■ Listed entries ■
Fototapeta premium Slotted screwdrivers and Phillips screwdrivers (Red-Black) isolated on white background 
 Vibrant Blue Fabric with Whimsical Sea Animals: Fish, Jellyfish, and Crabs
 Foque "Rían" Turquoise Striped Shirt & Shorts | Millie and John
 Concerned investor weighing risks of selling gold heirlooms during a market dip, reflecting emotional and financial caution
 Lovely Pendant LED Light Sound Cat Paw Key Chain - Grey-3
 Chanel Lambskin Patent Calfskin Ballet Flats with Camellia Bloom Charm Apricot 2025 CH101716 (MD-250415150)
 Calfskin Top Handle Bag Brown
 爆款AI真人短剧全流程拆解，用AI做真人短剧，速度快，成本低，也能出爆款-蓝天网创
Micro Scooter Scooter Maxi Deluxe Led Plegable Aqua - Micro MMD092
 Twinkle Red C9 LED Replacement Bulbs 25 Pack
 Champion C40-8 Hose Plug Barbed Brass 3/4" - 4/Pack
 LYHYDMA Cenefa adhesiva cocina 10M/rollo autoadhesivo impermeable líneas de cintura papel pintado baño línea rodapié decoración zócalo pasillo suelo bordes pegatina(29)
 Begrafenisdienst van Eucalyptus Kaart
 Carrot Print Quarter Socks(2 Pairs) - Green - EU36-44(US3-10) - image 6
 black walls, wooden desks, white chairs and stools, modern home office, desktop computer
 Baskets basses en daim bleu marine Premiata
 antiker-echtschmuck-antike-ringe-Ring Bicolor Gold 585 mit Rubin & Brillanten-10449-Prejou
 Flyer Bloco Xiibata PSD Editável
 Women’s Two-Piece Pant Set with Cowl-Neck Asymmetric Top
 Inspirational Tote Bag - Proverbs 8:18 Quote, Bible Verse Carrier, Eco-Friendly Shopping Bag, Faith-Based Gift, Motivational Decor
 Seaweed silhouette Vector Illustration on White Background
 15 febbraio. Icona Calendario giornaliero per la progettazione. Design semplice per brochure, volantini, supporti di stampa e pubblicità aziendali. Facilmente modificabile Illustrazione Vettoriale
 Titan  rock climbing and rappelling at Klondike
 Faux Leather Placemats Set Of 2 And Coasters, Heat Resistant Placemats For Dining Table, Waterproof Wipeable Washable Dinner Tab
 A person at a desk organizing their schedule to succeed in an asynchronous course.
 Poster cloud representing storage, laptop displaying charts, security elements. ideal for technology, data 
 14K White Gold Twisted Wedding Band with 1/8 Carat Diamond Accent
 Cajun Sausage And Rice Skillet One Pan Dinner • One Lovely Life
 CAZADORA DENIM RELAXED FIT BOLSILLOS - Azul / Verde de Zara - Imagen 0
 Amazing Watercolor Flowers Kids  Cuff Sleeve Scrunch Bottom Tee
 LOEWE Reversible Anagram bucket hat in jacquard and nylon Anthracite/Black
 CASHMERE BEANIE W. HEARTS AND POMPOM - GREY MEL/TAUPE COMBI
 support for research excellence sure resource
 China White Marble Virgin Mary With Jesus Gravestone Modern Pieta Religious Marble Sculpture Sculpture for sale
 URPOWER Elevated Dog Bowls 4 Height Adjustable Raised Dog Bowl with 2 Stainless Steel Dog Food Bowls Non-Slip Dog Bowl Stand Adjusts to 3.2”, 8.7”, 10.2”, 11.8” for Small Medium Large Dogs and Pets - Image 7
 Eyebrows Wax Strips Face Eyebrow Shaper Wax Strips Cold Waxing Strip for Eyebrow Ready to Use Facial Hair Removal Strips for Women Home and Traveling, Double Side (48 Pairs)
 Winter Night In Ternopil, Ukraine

■ Your instructions ■
Transcribe every record verbatim.

■ Response area ■
Fototapeta premium Slotted screwdrivers and Phillips screwdrivers (Red-Black) isolated on white background 
 Vibrant Blue Fabric with Whimsical Sea Animals: Fish, Jellyfish, and Crabs
 Foque "Rían" Turquoise Striped Shirt & Shorts | Millie and John
 Concerned investor weighing risks of selling gold heirlooms during a market dip, reflecting emotional and financial caution
 Lovely Pendant LED Light Sound Cat Paw Key Chain - Grey-3
 Chanel Lambskin Patent Calfskin Ballet Flats with Camellia Bloom Charm Apricot 2025 CH101716 (MD-250415150)
 Calfskin Top Handle Bag Brown
 爆款AI真人短剧全流程拆解，用AI做真人短剧，速度快，成本低，也能出爆款-蓝天网创
Micro Scooter Scooter Maxi Deluxe Led Plegable Aqua - Micro MMD092
 Twinkle Red C9 LED Replacement Bulbs 25 Pack
 Champion C40-8 Hose Plug Barbed Brass 3/4" - 4/Pack
 LYHYDMA Cenefa adhesiva cocina 10M/rollo autoadhesivo impermeable líneas de cintura papel pintado baño línea rodapié decoración zócalo pasillo suelo bordes pegatina(29)
 Begrafenisdienst van Eucalyptus Kaart
 Carrot Print Quarter Socks(2 Pairs) - Green - EU36-44(US3-10) - image 6
 black walls, wooden desks, white chairs and stools, modern home office, desktop computer
 Baskets basses en daim bleu marine Premiata
 antiker-echtschmuck-antike-ringe-Ring Bicolor Gold 585 mit Rubin & Brillanten-10449-Prejou
 Flyer Bloco Xiibata PSD Editável
 Women’s Two-Piece Pant Set with Cowl-Neck Asymmetric Top
 Inspirational Tote Bag - Proverbs 8:18 Quote, Bible Verse Carrier, Eco-Friendly Shopping Bag, Faith-Based Gift, Motivational Decor
 Seaweed silhouette Vector Illustration on White Background
 15 febbraio. Icona Calendario giornaliero per la progettazione. Design semplice per brochure, volantini, supporti di stampa e pubblicità aziendali. Facilmente modificabile Illustrazione Vettoriale
 Titan  rock climbing and rappelling at Klondike
 Faux Leather Placemats Set Of 2 And Coasters, Heat Resistant Placemats For Dining Table, Waterproof Wipeable Washable Dinner Tab
 A person at a desk organizing their schedule to succeed in an asynchronous course.
 Poster cloud representing storage, laptop displaying charts, security elements. ideal for technology, data 
 14K White Gold Twisted Wedding Band with 1/8 Carat Diamond Accent
 Cajun Sausage And Rice Skillet One Pan Dinner • One Lovely Life
 CAZADORA DENIM RELAXED FIT BOLSILLOS - Azul / Verde de Zara - Imagen 0
 Amazing Watercolor Flowers Kids  Cuff Sleeve Scrunch Bottom Tee
 LOEWE Reversible Anagram bucket hat in jacquard and nylon Anthracite/Black
 CASHMERE BEANIE W. HEARTS AND POMPOM - GREY MEL/TAUPE COMBI
 support for research excellence sure resource
 China White Marble Virgin Mary With Jesus Gravestone Modern Pieta Religious Marble Sculpture Sculpture for sale
 URPOWER Elevated Dog Bowls 4 Height Adjustable Raised Dog Bowl with 2 Stainless Steel Dog Food Bowls Non-Slip Dog Bowl Stand Adjusts to 3.2”, 8.7”, 10.2”, 11.8” for Small Medium Large Dogs and Pets - Image 7
 Eyebrows Wax Strips Face Eyebrow Shaper Wax Strips Cold Waxing Strip for Eyebrow Ready to Use Facial Hair Removal Strips for Women Home and Traveling, Double Side (48 Pairs)
 Winter Night In Ternopil, Ukraine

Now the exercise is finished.